> **WHAT TO DO**: Return each line of the listing in which the word "Print" appears.

> **INFORMATION PROVIDED**:
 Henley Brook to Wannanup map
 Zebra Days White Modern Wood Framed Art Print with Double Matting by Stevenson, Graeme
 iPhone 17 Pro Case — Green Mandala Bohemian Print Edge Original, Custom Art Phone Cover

> **WRITTEN ANSWER**:
 Zebra Days White Modern Wood Framed Art Print with Double Matting by Stevenson, Graeme
 iPhone 17 Pro Case — Green Mandala Bohemian Print Edge Original, Custom Art Phone Cover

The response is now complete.